In recent years, Idaho led the nation in economic growth, but Mike Ferguson, chief economist for Gov. Butch Otter, said Idaho is now actually leading the nation in the current recession. Our unemployment rate, which was third in the nation in January of 2008, was 18th in November. We’ve seen “a pretty dramatic deterioration in our employment growth over the course of the year,” he told the lawmakers on the panel. Bob Fick of the Idaho Department of Labor told the committee, “The recession has hit every part of the state.” Overall, Idaho lost 17,600 jobs from November of 2007 to November of 2008 and 19,500 fewer people were working.

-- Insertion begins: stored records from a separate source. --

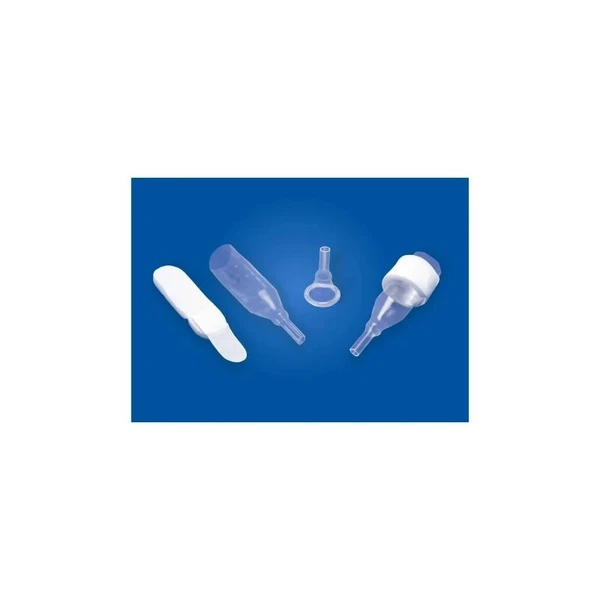 Bard Rochester - 38302 - Male External Catheter Non - Adhesive Reusable Strap Silicone Medium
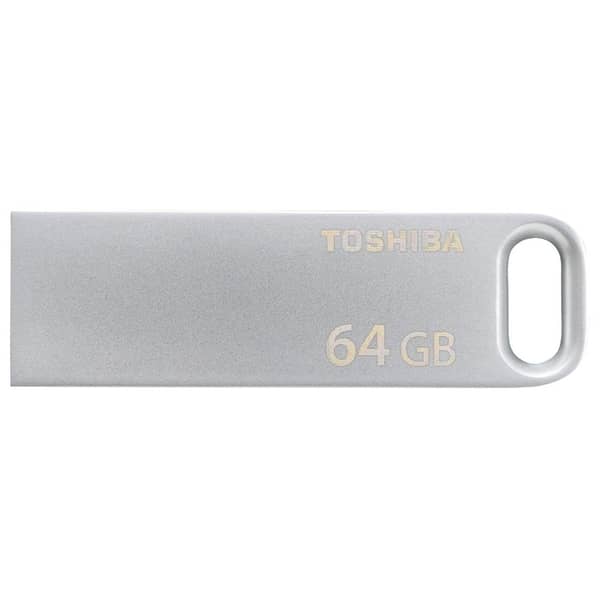 Toshiba TransMemory U363 Metal Body Design USB 3.0 Flash Drive 64GB Toshiba TransMemory U363 Metal Body Design USB 3.0 Flash Drive 64GB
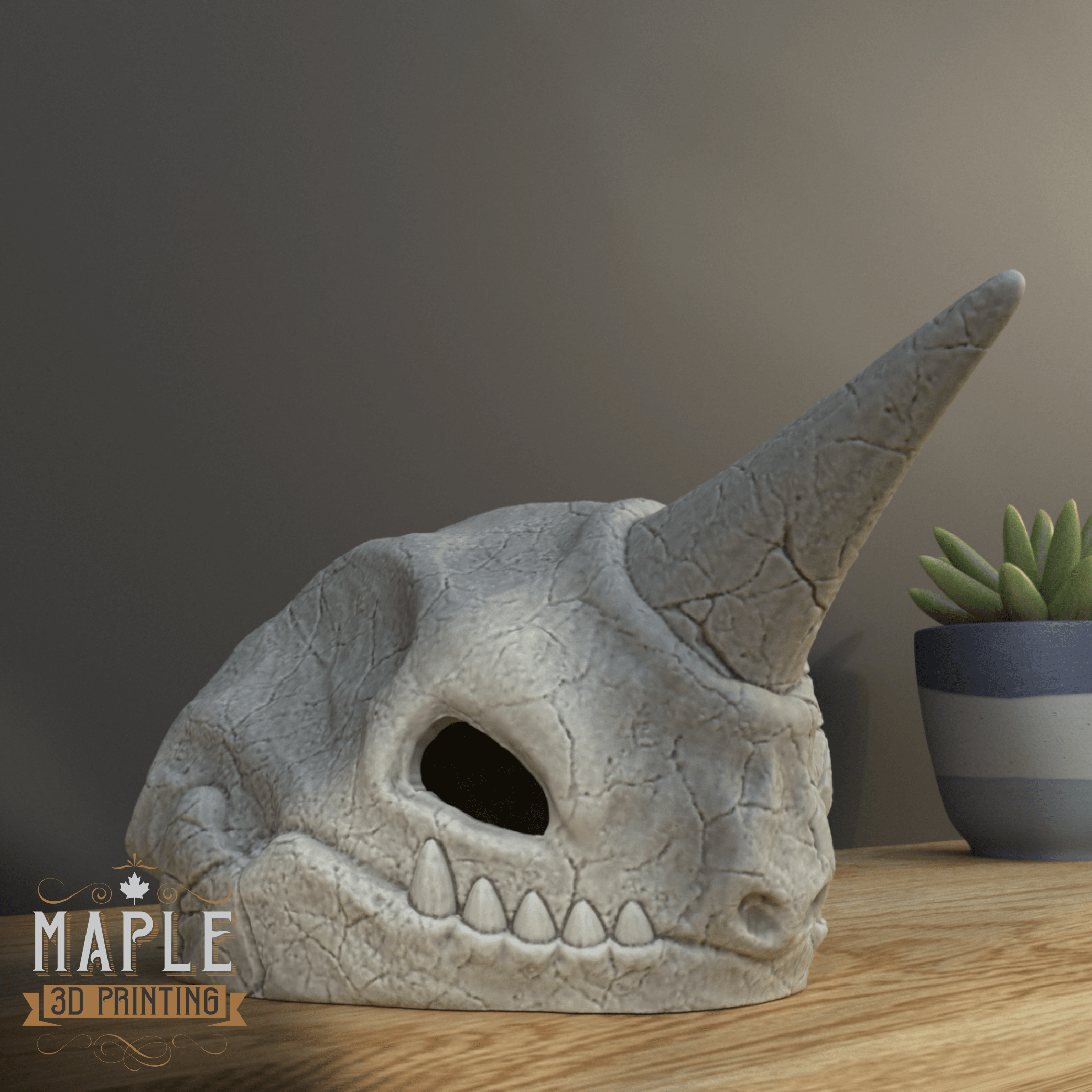 Nidoking Skull - Pokemon 3d model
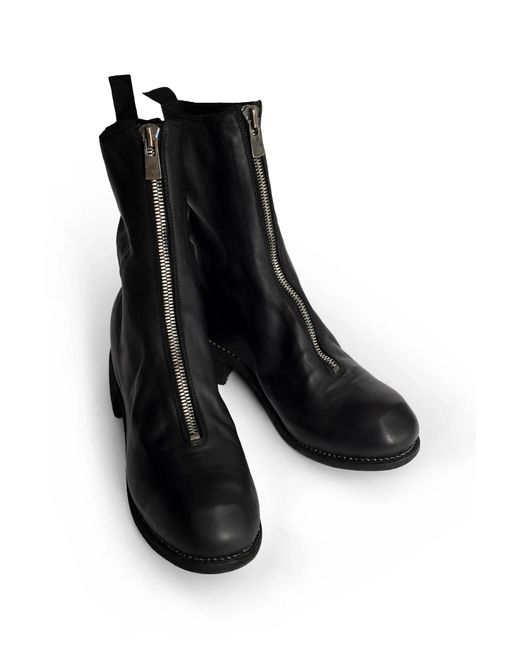 Guidi Black Boots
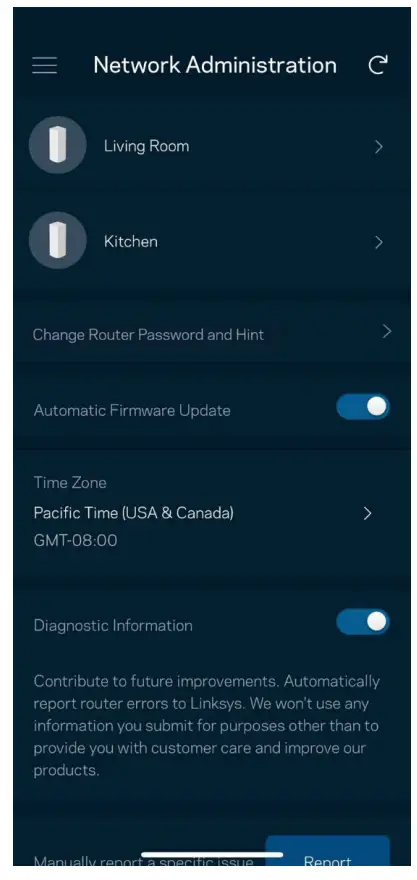 LINKSYS LN1100 Series VELOP Micro Router 6 - Speed Check2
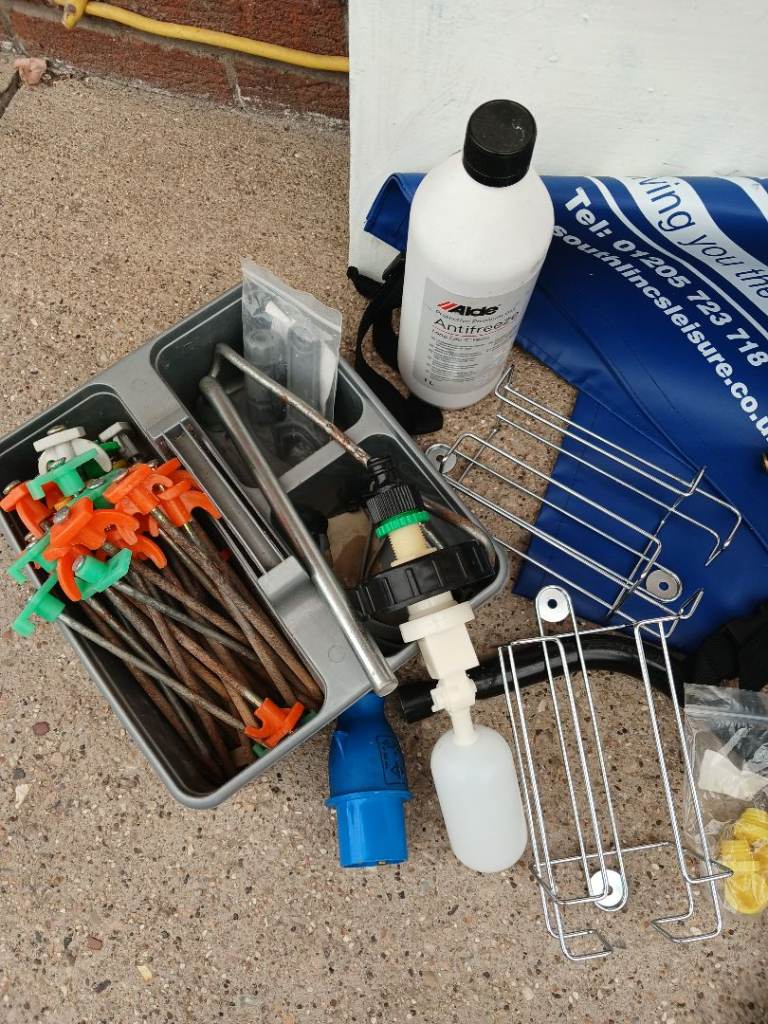 Caravan accessories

Manufacturing, construction and financial services jobs are disappearing, and while health care and education are growing, those jobs pay less. “Overall, Idaho’s job situation will continue to decline and the unemployment rate rise through much of 2009 before finding bottom,” Fick said.
The committee’s job is to examine the economic outlook and decide whether to accept the governor’s projections for tax revenues, or set different figures on which to base the state’s budget for next year. The hearings continue tomorrow, and the panel will make its decision on Jan. 15. Sen. John Goedde, R-Coeur d’Alene, the joint committee’s co-chairman, said, “It’s bleak.”